Particularly children have a much higher risk. And at some of our centers where there may be an increase in T cell depletion, for example, and a higher risk transplant such as haploidentical transplant, the risk is higher and we’ve seen some data with up to 50% of children being infected with adenovirus during that post-transplant period.

That’s why the incidence rates estimate from around 5% to over 50% depending on the center. Again, we’re also, not surprisingly, seeing an increase in appreciation as these centers are screening for adenovirus.

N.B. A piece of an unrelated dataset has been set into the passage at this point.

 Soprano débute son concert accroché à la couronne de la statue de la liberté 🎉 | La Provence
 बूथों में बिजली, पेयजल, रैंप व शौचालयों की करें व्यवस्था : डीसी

The other key factor that’s driving this is within our AdVise study Cohort C which allowed for enrollment of patients you had serious adenovirus infection in which we did not require that they document what their immunodeficiency was.

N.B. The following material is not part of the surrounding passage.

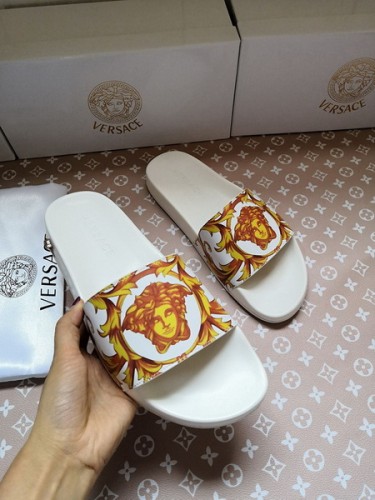 Versace men slippers AAA-205(38-46)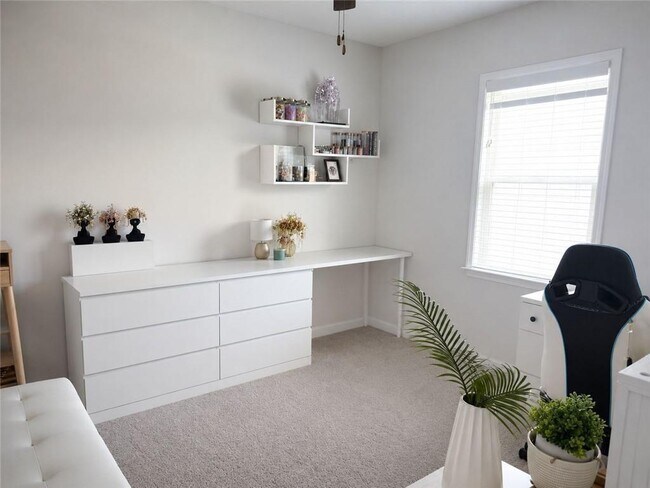 Building Photo - 580 Briard Dr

So Cohort C could include stem cell transplant recipient who had received an autologous transplant or solid organ transplant recipients as well as patients who had undefined or unknown immune deficiencies.

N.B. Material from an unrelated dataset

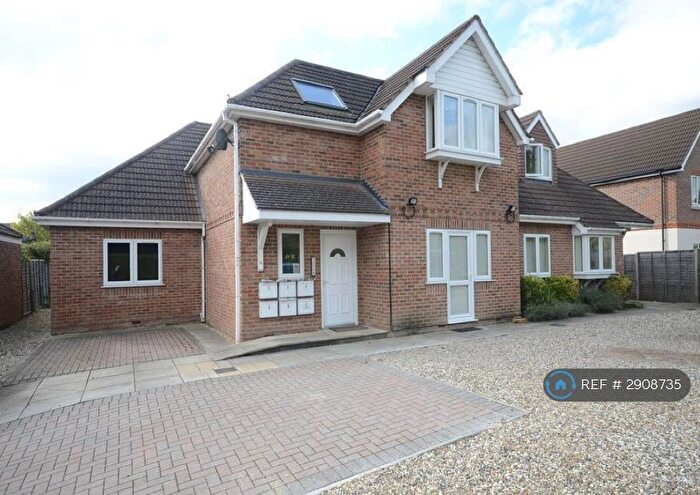 2 Bedroom Flat To Rent In Saffron Close, Reading, RG6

So that’s really where I think the greatest unknown potential is as what we need to explore more about the frequency and the risks for serious adenovirus infection in many of these other patient populations.

One example of that was our recognition of an increased risk in pediatric patients who have undergone a liver transplantation and present with adenovirus hepatitis. We are going to be presenting later this fall some of those data in pediatric liver transplant recipients who were treated through the AdVise trial.

So all of that really comes back to, as we talked about with Linda, the educational initiative about making sure, not just for adenovirus, but for all of the double stranded DNA viral infections that we have a good understanding of the epidemiology so that we know where to focus our efforts in the post-marketing setting.

We have begun building out our medical affairs group and defining additional studies that we would like to pursue to better understand what the risks and potential benefits are for brinci in that broader population..

Thank you..

Thank you..

Thank you. Our question comes from Daniel Brims from Cantor. Your question please..

Hi, thanks for taking my question. Just want to ask another question about the EMA.

What's - are you looking at the same timeline for submitting your MAA as the FDA or with the additional data you might require is that going to be pushed back a little bit from your NDA discussion?.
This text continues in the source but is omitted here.